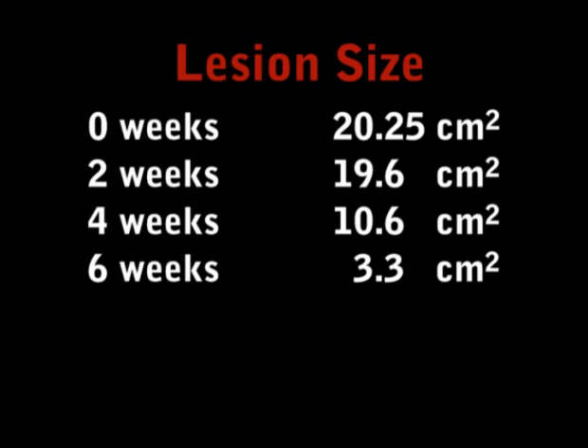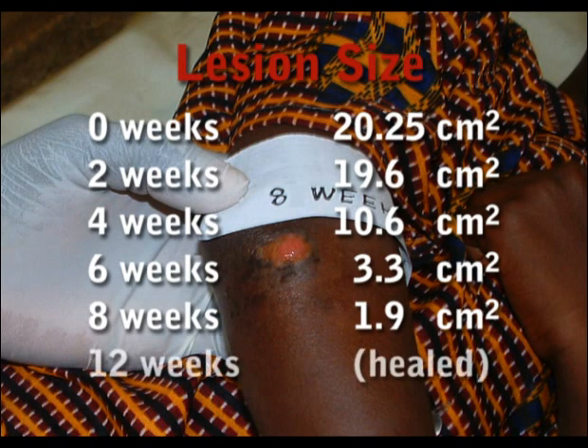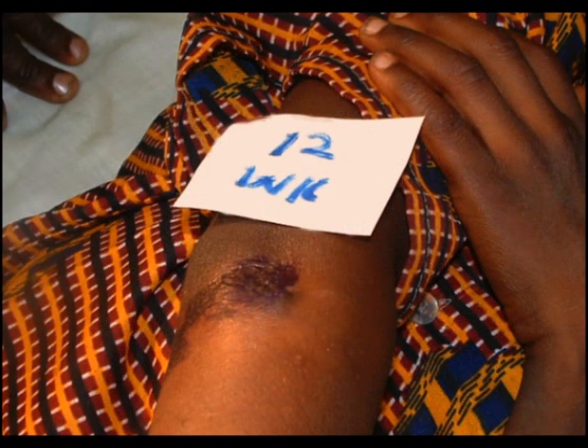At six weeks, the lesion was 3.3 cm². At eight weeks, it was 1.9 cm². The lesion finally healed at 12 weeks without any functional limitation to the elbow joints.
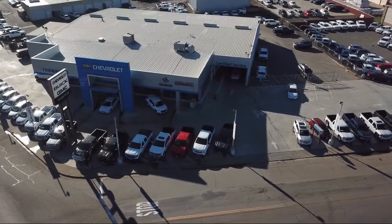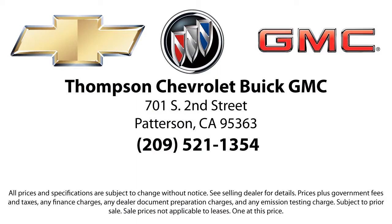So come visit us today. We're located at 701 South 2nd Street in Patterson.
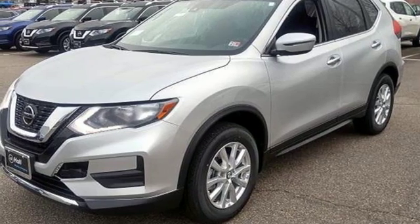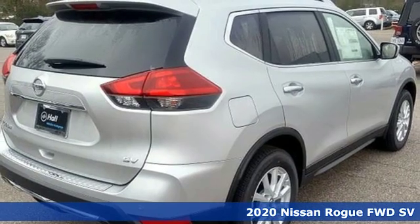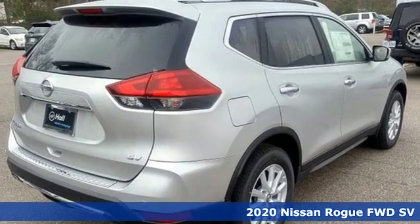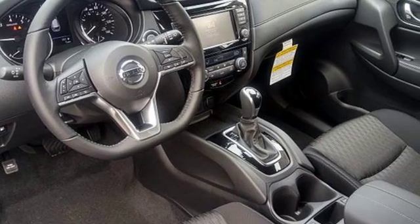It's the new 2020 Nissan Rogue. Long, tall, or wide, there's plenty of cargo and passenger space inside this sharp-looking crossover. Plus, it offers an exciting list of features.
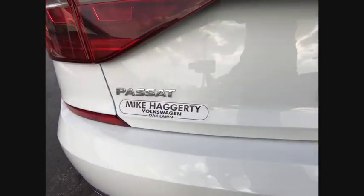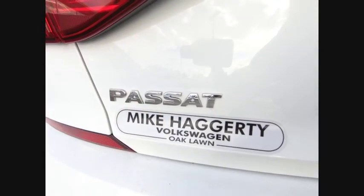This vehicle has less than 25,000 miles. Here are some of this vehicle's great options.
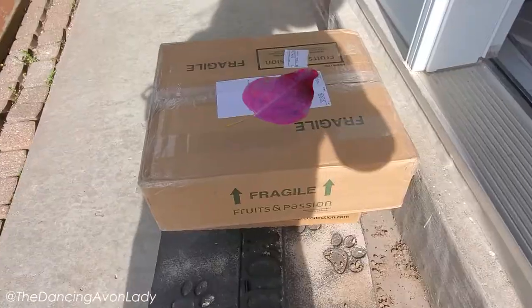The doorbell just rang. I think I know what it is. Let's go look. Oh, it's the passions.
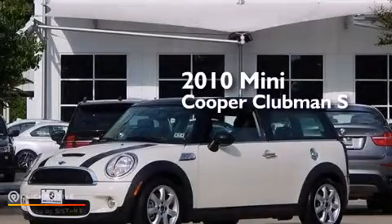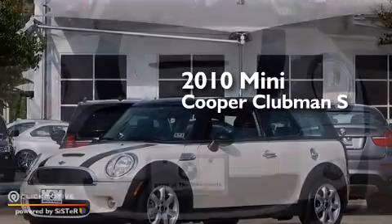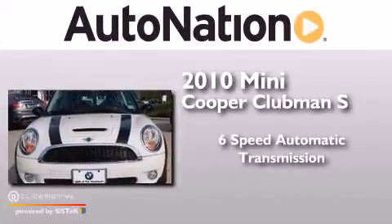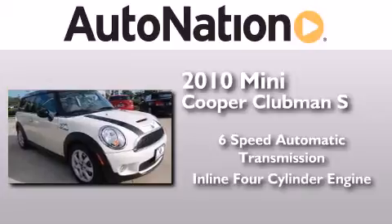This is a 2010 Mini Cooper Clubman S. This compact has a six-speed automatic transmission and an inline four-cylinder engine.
---
_Work to be completed_
Starting with the line that has "It's the new" and going on through the line that has "This vehicle has", transcribe the records above exactly, but skip the pictures.

_Result for this exercise_
It's the new 2020 Nissan Rogue. Long, tall, or wide, there's plenty of cargo and passenger space inside this sharp-looking crossover. Plus, it offers an exciting list of features.
This vehicle has less than 25,000 miles. Here are some of this vehicle's great options.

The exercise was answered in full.